Passage
And the word of Jehovah is unto Samuel, saying,
And the word of Jehovah is unto Samuel, saying,
1 Samuel 15:8 and he catcheth Agag king of Amalek alive, and all the people he hath devoted by the mouth of the sword;
1 Samuel 15:9 and Saul hath pity--also the people--on Agag, and on the best of the flock, and of the herd, and of the seconds, and on the lambs, and on all that <FI>is<Fi> good, and have not been willing to devote them; and all the work, despised and wasted--it they devoted.

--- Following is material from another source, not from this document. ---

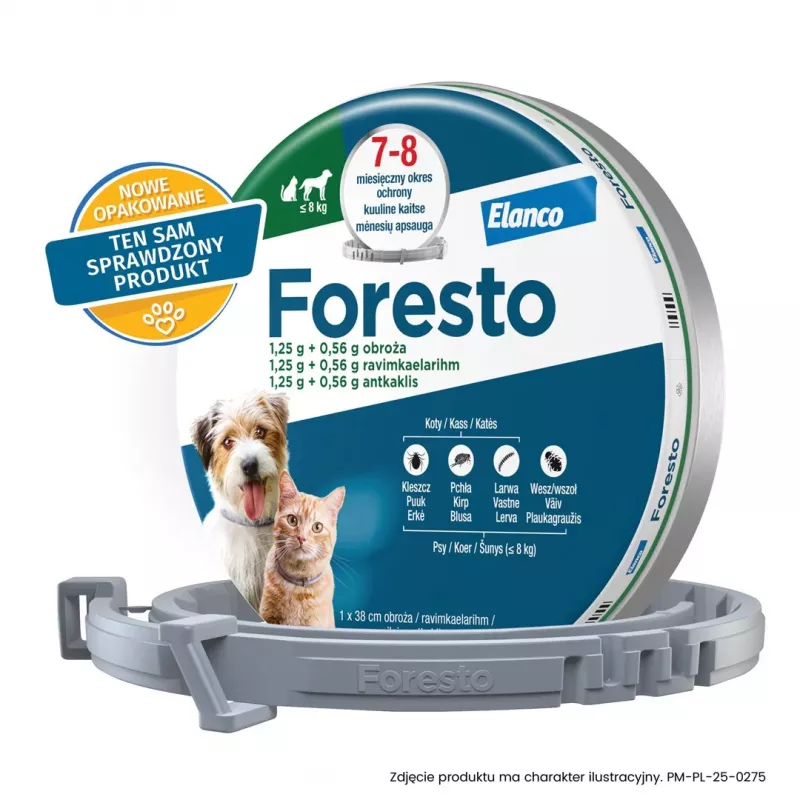 ENA ELANCO Foresto Floh- und Zeckenhalsband für Katzen und Hunde unter 8 kg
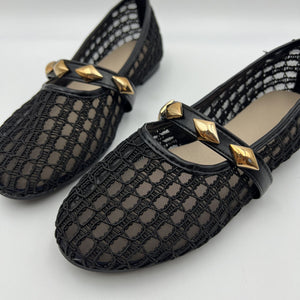 silver loafers featuring mesh upper and mesh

1 Samuel 15:10 And the word of Jehovah is unto Samuel, saying,
1 Samuel 15:11 `I have repented that I caused Saul to reign for king, for he hath turned back from after Me, and My words he hath not performed;' and it is displeasing to Samuel, and he crieth unto Jehovah all the night.
1 Samuel 15:12 And Samuel riseth early to meet Saul in the morning, and it is declared to Samuel, saying, `Saul hath come in to Carmel, and lo, he is setting up to himself a monument, and goeth round, and passeth over, and goeth down to Gilgal.'
The verse centers on "word", "jehovah", "samuel", and "saying". It is saying that the verse draws attention to "word" and "jehovah", so its meaning should be read from those terms before moving to application.
The nearby context moves from verse 9's "and Saul hath pity--also the people--on Agag..." into verse 11's "I have repented that I caused Saul...", so "word" and "jehovah" belong inside that flow. In 1 Samuel context, the local focus is covenant, worship, and faithfulness.
A plain takeaway is to answer the verse's own emphasis on "word" and "jehovah" with trust shaped by these words, not by a vague optimism outside the passage.